"He must, so know the starfish and the student biologist who sits at the feet of living things, proliferate in all
directions. Having certain tendencies, he must move along their lines to the limit of their potentialities."
John Steinbeck - Log from the Sea of Cortez
directions. Having certain tendencies, he must move along their lines to the limit of their potentialities."

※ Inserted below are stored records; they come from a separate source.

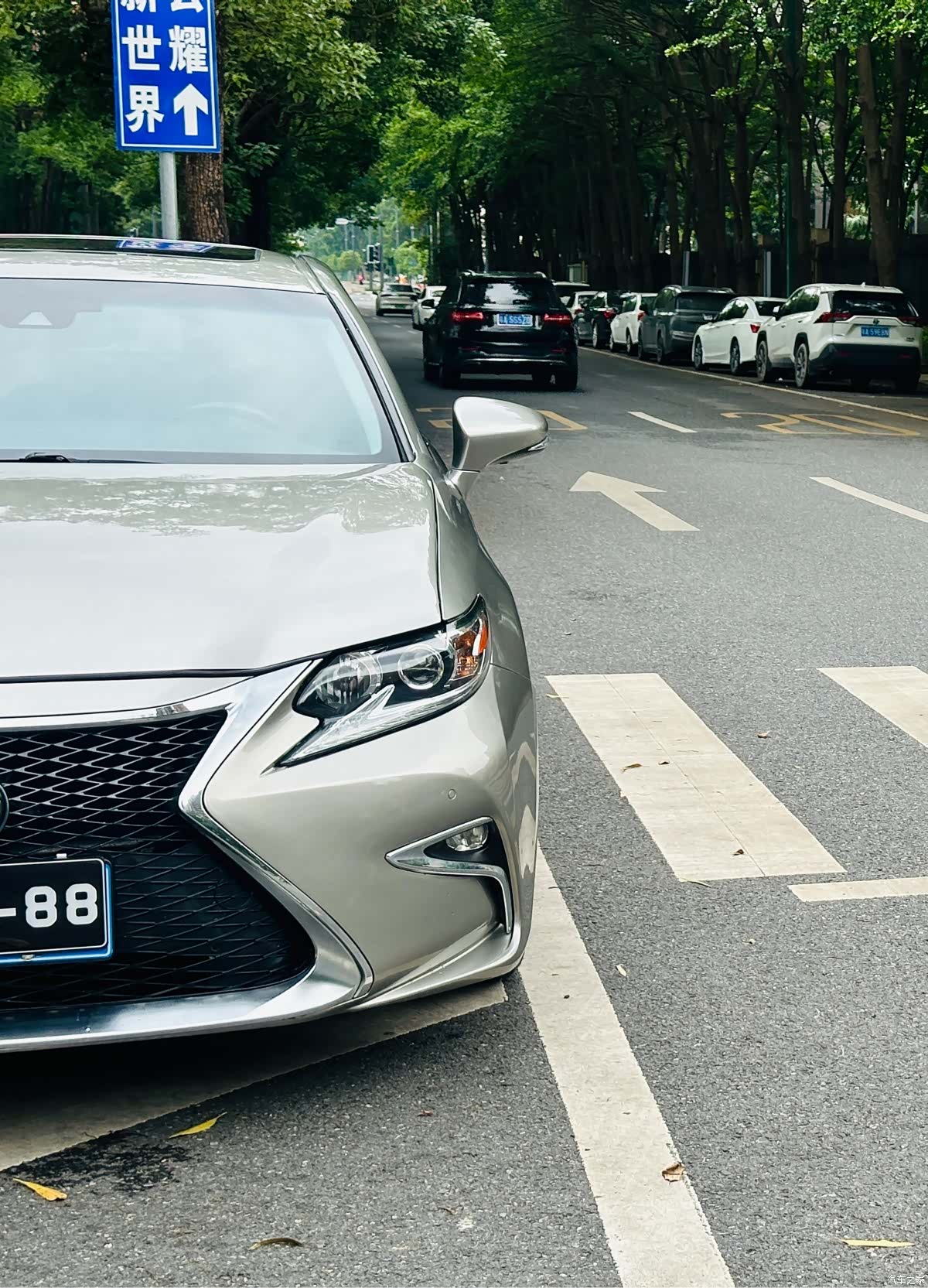 Lexus ES, 2018 13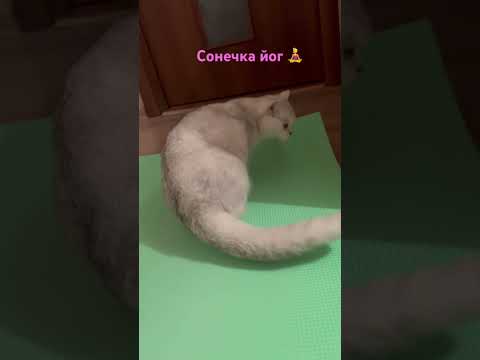 Сонечка-йог #рекомендации #cat #shorts #кот #animals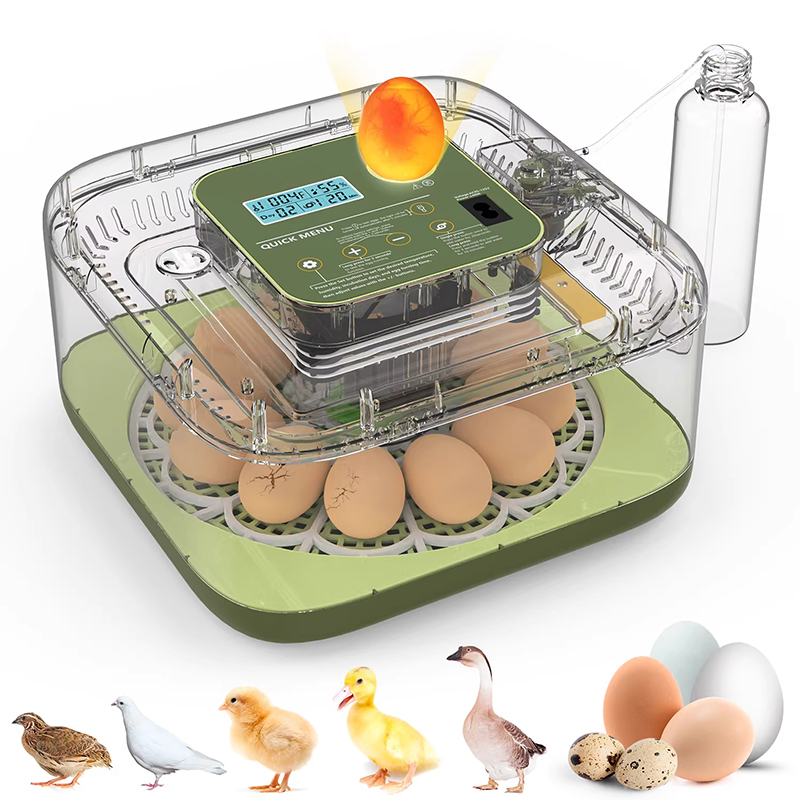 Eierinkubator mit Temperatur-  – Poultry Incubator Bewertung und Preis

John Steinbeck - Log from the Sea of Cortez
Thursday, March 4, 2010
Return of the Asteroid
No, not some 1950s B-movie, but the once-accepted, sometimes doubted, and, now, revived idea that the great extinction at the end of the Cretaceous some 65.5 mya was caused by an asteroid impacting the earth in the area Chicxulub, Mexico on the the Yucatan Peninsula. This extinction event, represented in sedimentary layers at was once known as the K-T (Cretaceous-Tertiary) and now more properly called the K-Pg (Cretaceous-Paleogene) boundary, claimed almost all species of large land vertebrates, along with a significant percentage of marine invertebrates, land plants, and other taxa. It's most commonly associated, of course, with the disappearance of the dinosaurs - for that reason, it's undoubtedly the mass extinction that resonates most clearly with the general public (with the possible exception of the one that we're currently creating). The asteroid theory has been around since the 1970s, when Walter and Luis Alvarez noted the presence of a iridium-rich deposits at the K-Pg boundary. The later discovery of the Chicxulub crater was seen to be the smoking gun. However, a number of other possible contributing factors have been identifed, notably Indian flood basalt volcanism that occurred at roughly the same time. In the current study, the authors correlate data from global stratigraphy across the boundary with the onset of the extinction event. They feel the evidence conclusively supports the killer asteroid as the instigator. Next?